__REQUIREMENT__.
In the entries below, which lines run from the one with "Best and Relax" through the one with "PARIS, FRANCE: Summer"? Repeat exactly those, both included, and no pictures.

__Scraped caption text data__.
|---|

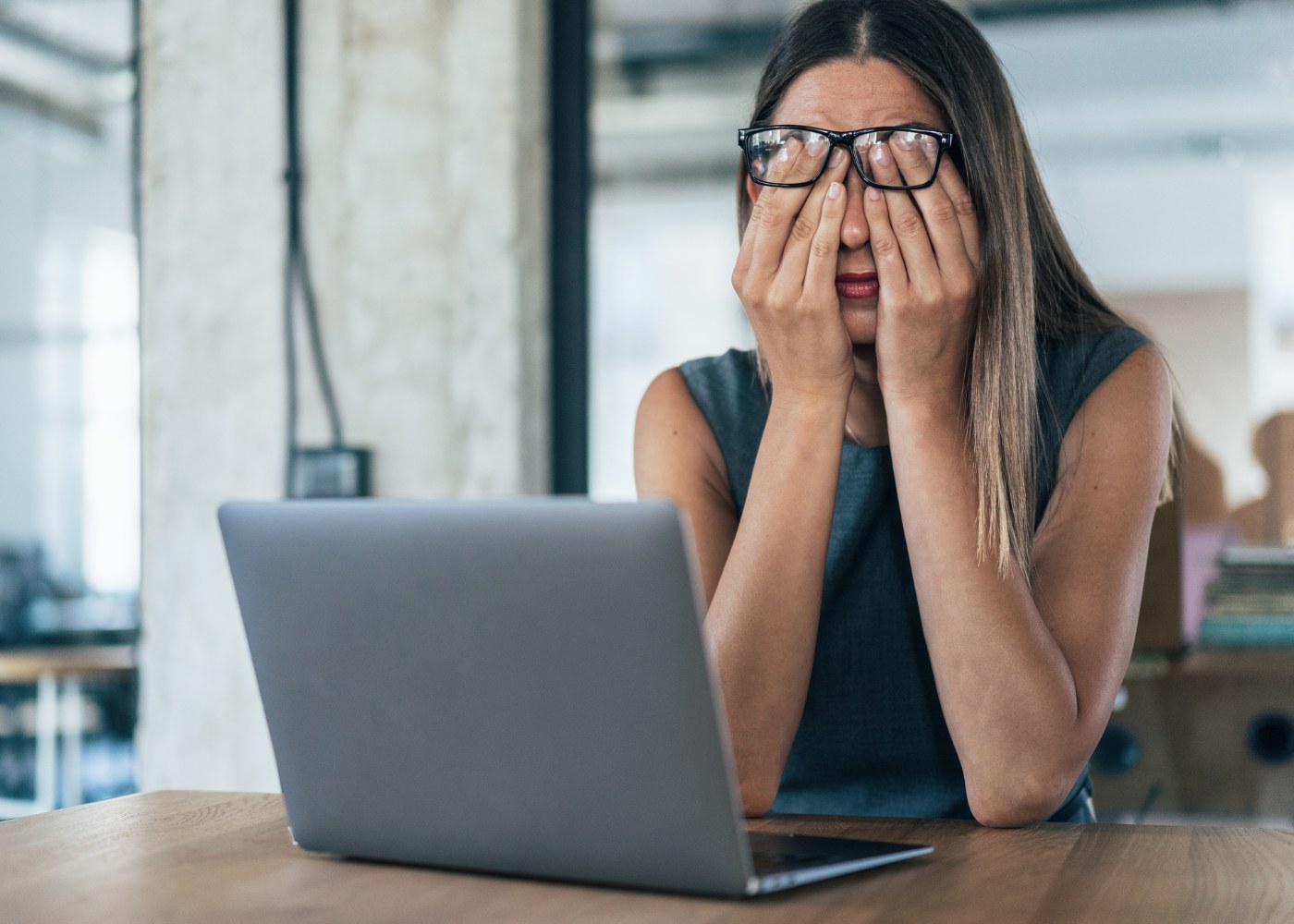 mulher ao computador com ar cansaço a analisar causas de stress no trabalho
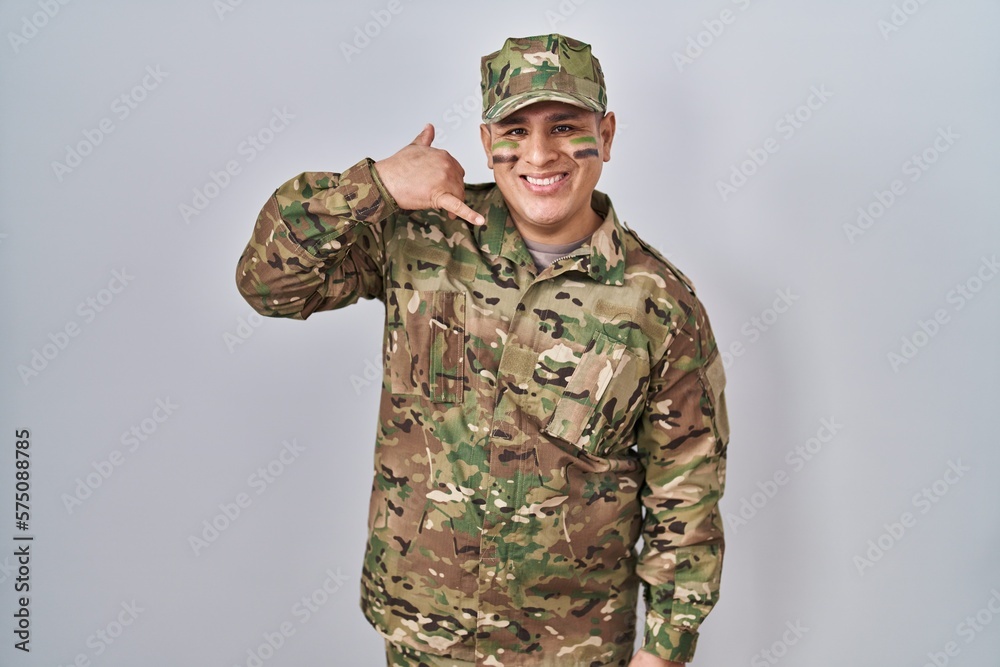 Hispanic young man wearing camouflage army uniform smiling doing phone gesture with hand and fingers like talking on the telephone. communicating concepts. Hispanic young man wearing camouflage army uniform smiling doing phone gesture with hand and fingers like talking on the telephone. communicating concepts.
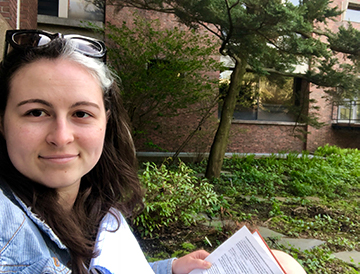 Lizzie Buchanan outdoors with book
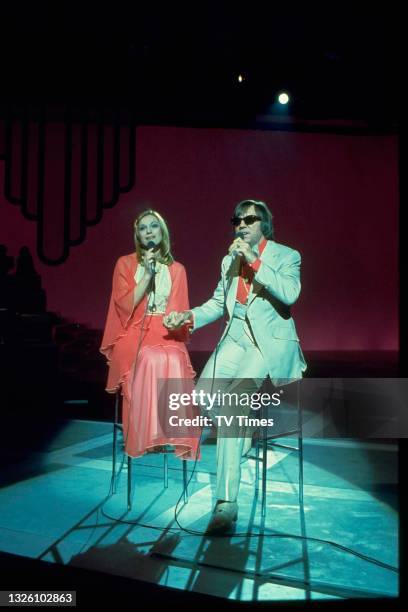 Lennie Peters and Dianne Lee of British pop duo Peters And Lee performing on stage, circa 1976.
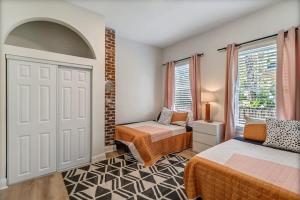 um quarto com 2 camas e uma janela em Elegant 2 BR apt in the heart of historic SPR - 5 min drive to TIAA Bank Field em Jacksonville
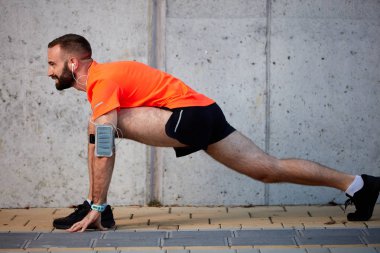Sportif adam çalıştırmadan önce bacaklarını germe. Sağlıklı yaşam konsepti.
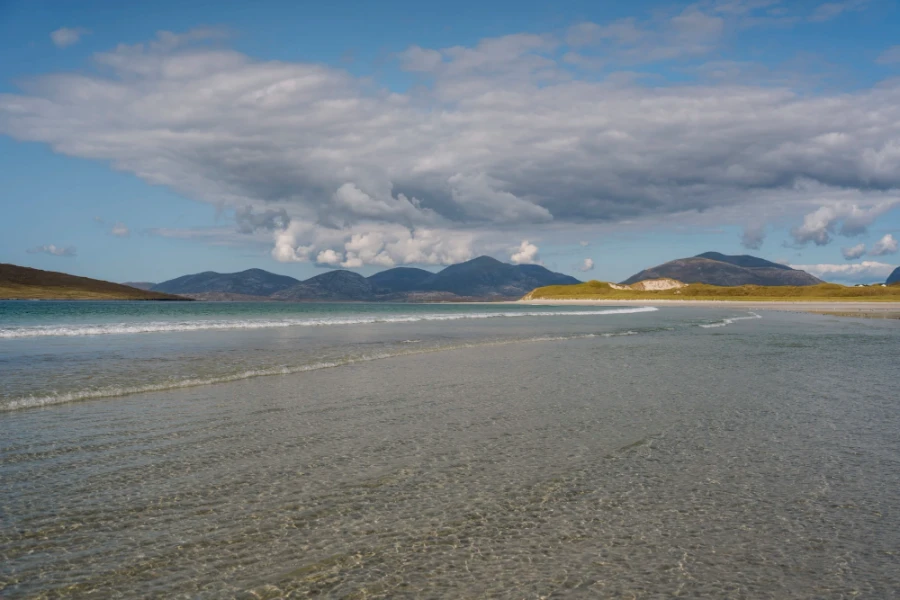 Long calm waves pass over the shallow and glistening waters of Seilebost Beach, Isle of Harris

|---|

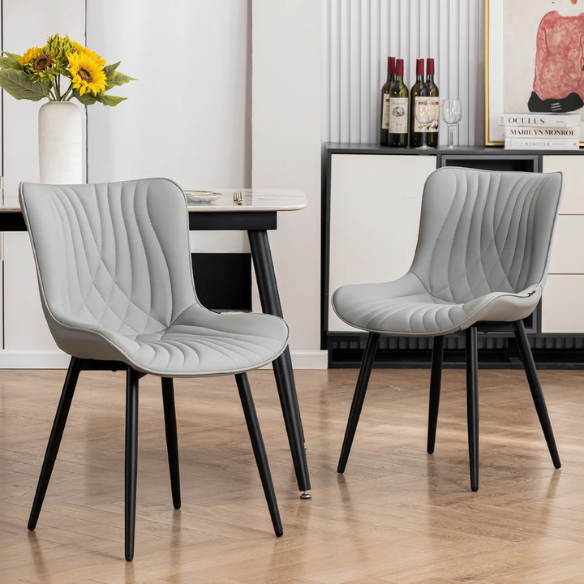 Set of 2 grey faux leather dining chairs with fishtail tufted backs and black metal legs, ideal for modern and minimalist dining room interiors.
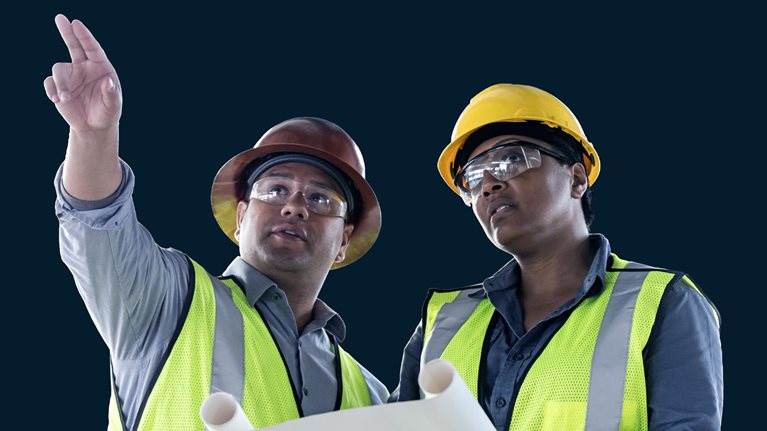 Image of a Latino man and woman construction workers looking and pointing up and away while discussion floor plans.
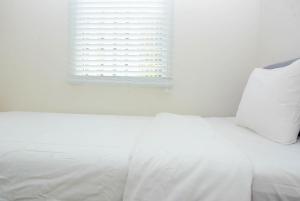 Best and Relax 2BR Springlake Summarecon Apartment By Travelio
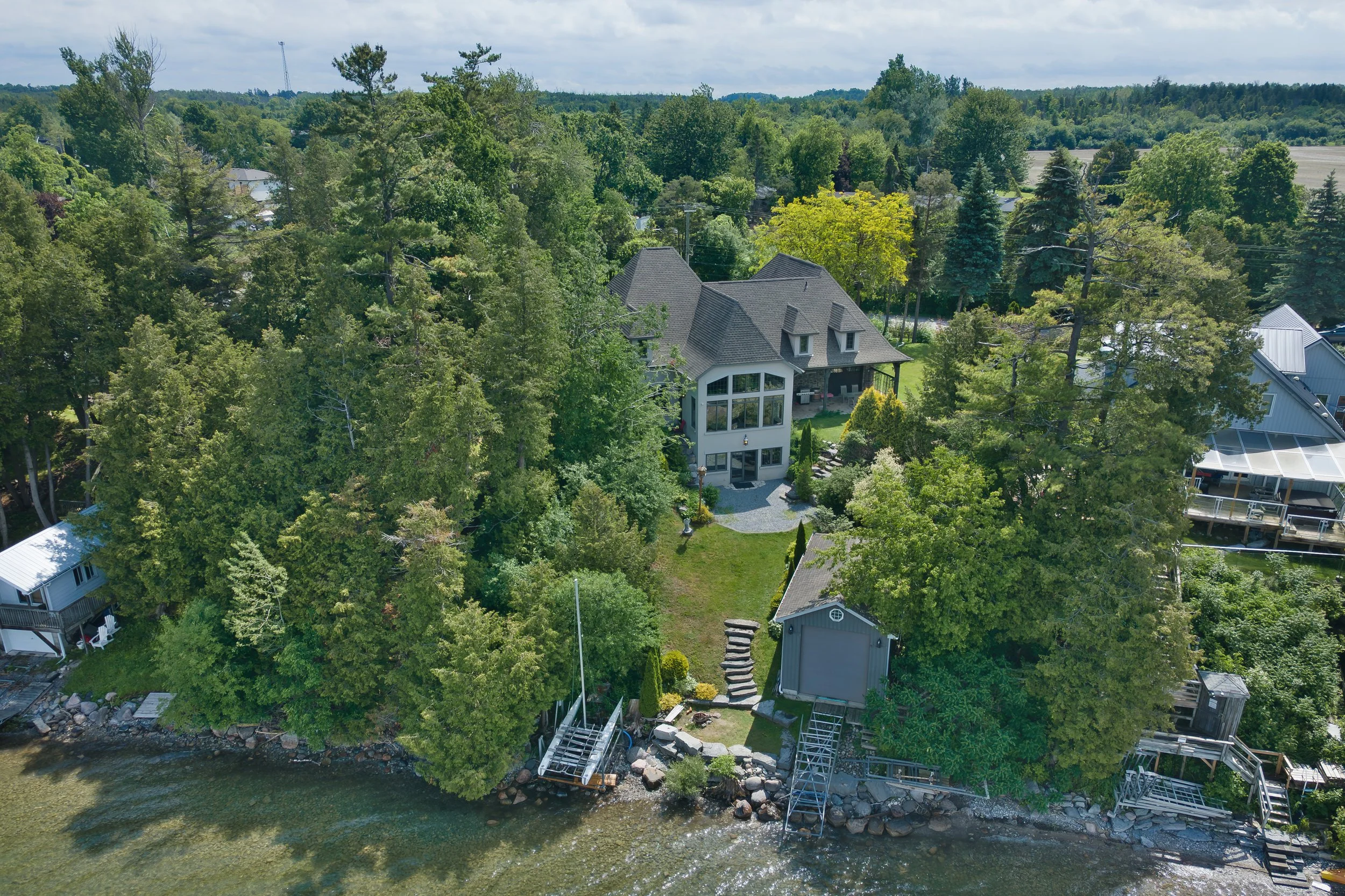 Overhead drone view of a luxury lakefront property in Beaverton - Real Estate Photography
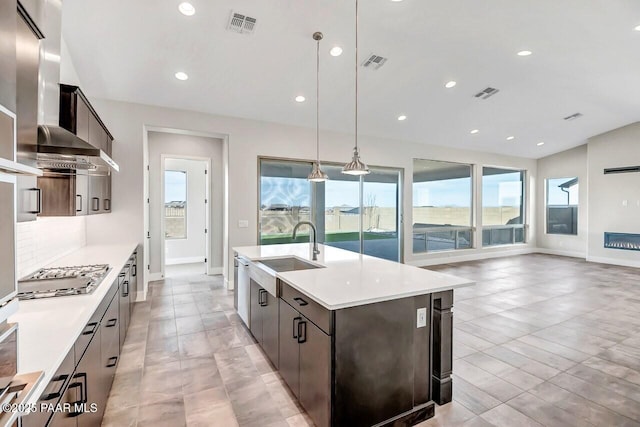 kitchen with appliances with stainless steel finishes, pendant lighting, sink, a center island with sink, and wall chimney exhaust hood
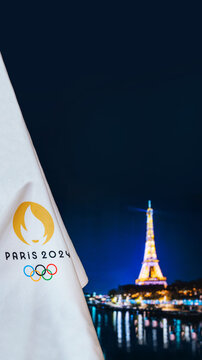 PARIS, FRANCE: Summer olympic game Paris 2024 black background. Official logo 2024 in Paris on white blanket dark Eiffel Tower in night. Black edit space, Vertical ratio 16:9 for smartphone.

|---|

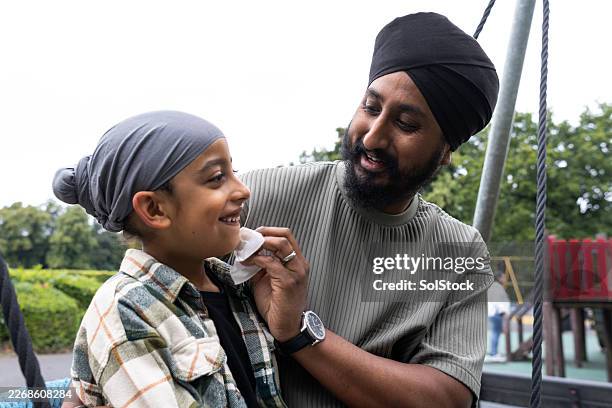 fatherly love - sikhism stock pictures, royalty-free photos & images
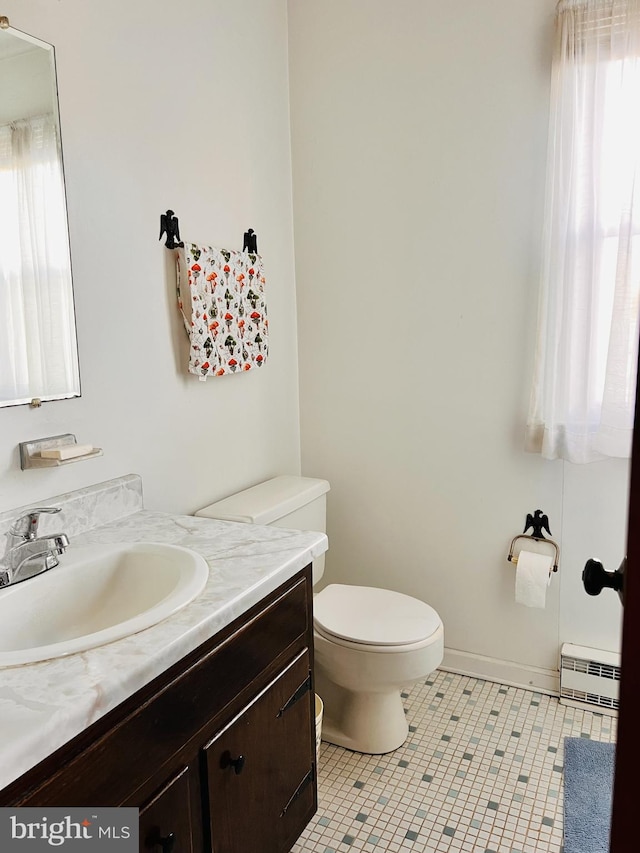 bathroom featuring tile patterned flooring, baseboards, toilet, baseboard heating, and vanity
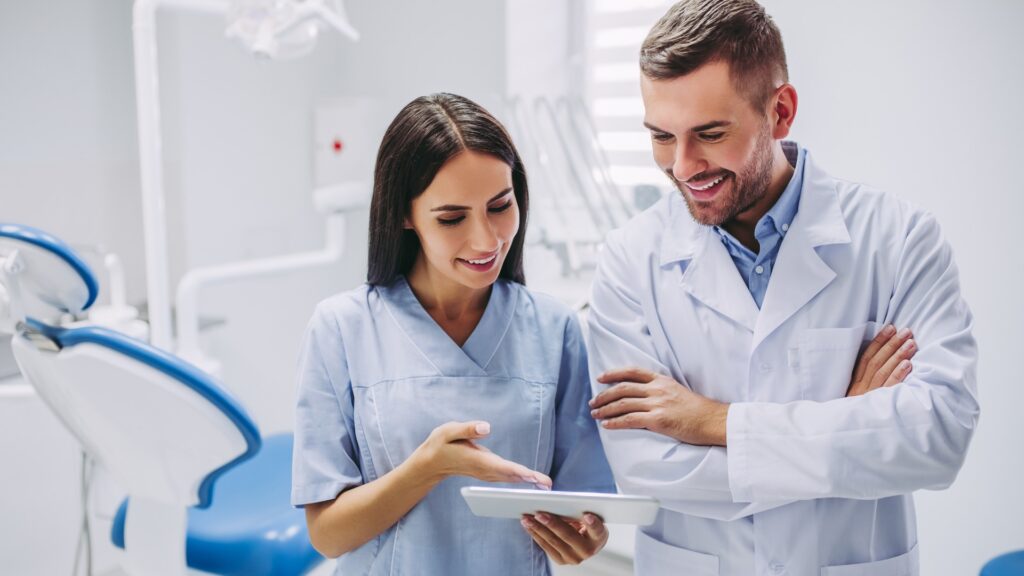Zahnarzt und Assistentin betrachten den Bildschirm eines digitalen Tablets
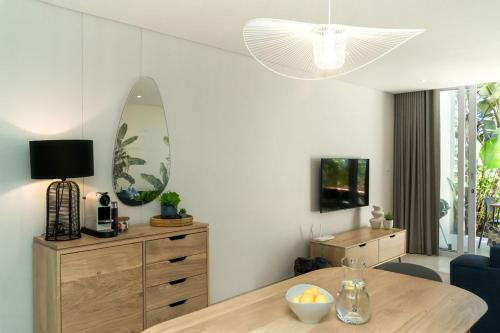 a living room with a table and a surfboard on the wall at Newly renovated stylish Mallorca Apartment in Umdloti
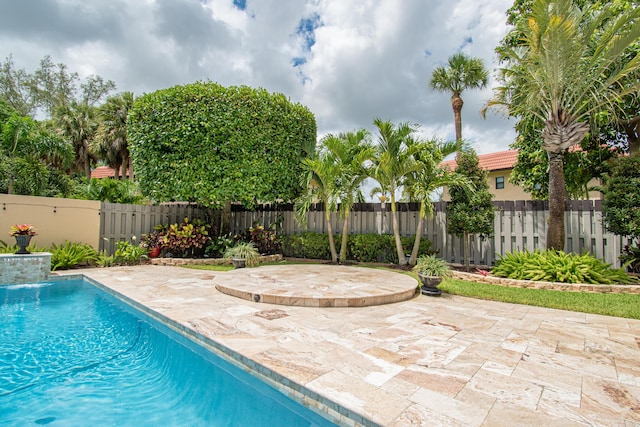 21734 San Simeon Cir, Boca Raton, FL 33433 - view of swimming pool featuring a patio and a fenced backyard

|---|

__RESULT OF THE TASK__.
 Best and Relax 2BR Springlake Summarecon Apartment By Travelio
 Overhead drone view of a luxury lakefront property in Beaverton - Real Estate Photography
 kitchen with appliances with stainless steel finishes, pendant lighting, sink, a center island with sink, and wall chimney exhaust hood
 PARIS, FRANCE: Summer olympic game Paris 2024 black background. Official logo 2024 in Paris on white blanket dark Eiffel Tower in night. Black edit space, Vertical ratio 16:9 for smartphone.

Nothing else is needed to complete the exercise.